Ukraine's president demanded full accountability for Russian forces committing the "most terrible war crimes" since World War II.

Ukraine's President Volodymyr Zelenskyy addresses the U.N. Security Council
Ukraine's President Volodymyr Zelenskyy addresses the U.N. Security Council (AN/U.N. Web TV)

UNITED NATIONS (AN) — Ukraine's President Volodymyr Zelenskyy demanded full accountability for the "most terrible war crimes" committed since World War II as he described Russia's atrocities in his besieged nation during his first address to the U.N. Security Council on Tuesday.

His brief video address to the U.N.'s most powerful body emphasized that Russian troops are deliberately killing Ukrainian civilians and those responsible for giving the orders should immediately be brought up on war crimes charges before a tribunal like the Nuremberg trials held by the Allies after World War II.

“This undermines the whole architecture of global security,” said Zelenskyy, comparing Russia’s atrocities in Bucha, Ukraine — where videos and photos showed corpses in the streets — with the killings, rapes and mutiliations by ISIS terrorists in Iraq and Syria.

“Now the world can see what Russia did in Bucha,” he said. “They cut off limbs, cut their throats. Women were raped and killed in front of their children. Their tongues were pulled out only because their aggressor did not hear what they wanted to hear from them."

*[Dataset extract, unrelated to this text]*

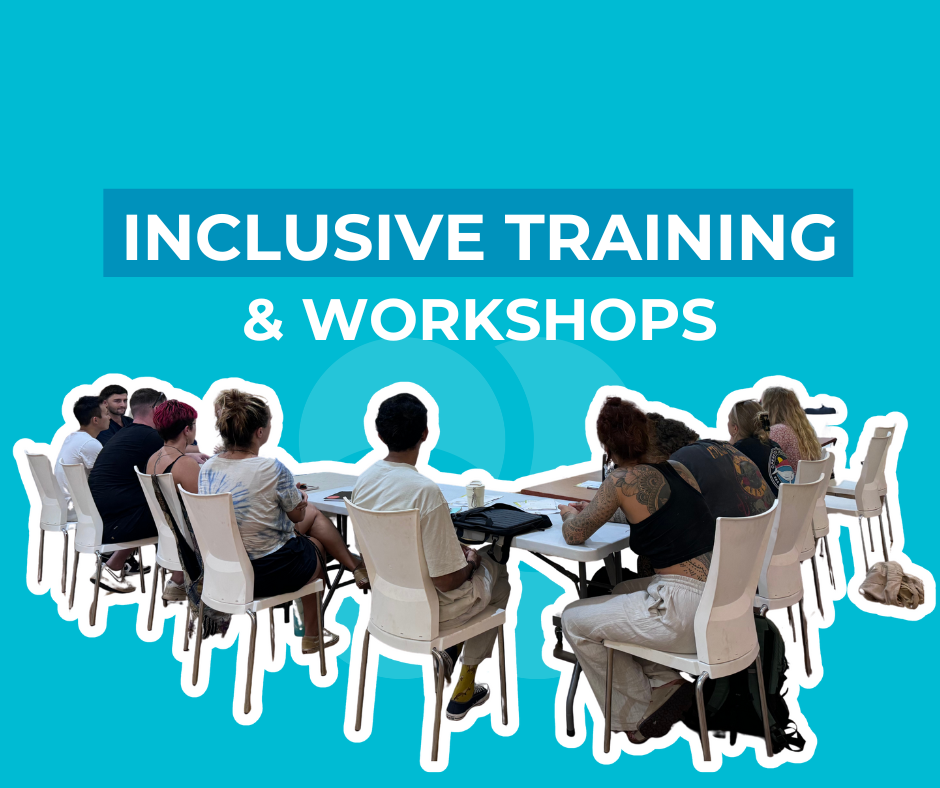 Group of diverse individuals attending an inclusive training workshop at a long table with chairs on a blue background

Zelenskyy questioned whether the 15-nation council meeting in New York remains a legitimate force for peace if it "cannot work effectively" any longer because of the frequent deadlock over disagreements among its five permanent, veto-wielding members: Britain, China, France, Russia and the United States. He pointed out that Article 1 of the U.N. Charter calls for maintaining the peace — and if that can't be done, it calls into question the world body's entire reason for being.

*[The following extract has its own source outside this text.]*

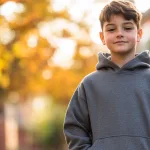 A young boy wearing an oversized hoodie, standing confidently in an urban park setting.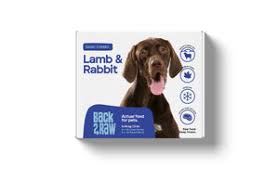 A box of Back2Raw Lamb & Rabbit 12lbs (Basic) pet food with a brown dog image, labeled "Lamb & Rabbit," and icons highlighting natural, Canadian, and raw ingredients.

“Bucha is one of the many examples of what the occupiers have been doing on our land for 41 days,” Zelenskyy said of Russia's full-scale invasion since February 24. “Where is the security that the Security Council is supposed to be guaranteed?”

A 'cynical and outright lie'

The killings in Bucha were revealed after Russian military forces withdrew from Ukraine's capital, Kyiv, and have led to calls for Russia to be suspended from the U.N. Human Rights Council in Geneva. Russia's U.N. Ambassador Vassily Nebenzia denied Russian troops committed atrocities in Bucha, saying they were instead the work of Ukrainian nationalists. While Bucha was under Russian control "not a single civilian suffered from any kind of violence," he said.

Ukraine's U.N. Ambassador Sergiy Kyslytsya countered that Russia was spreading disinformation through a "cynical and outright lie" about targeting civilians.

In Geneva, Elizabeth Throssell, a spokesperson for the Office of the U.N. High Commissioner for Human Rights, told reporters her office did not yet have access to Bucha so it did not have direct knowledge of what happened there. She said photos strongly suggest civilians were directly targeted, which is a war crime under international humanitarian law.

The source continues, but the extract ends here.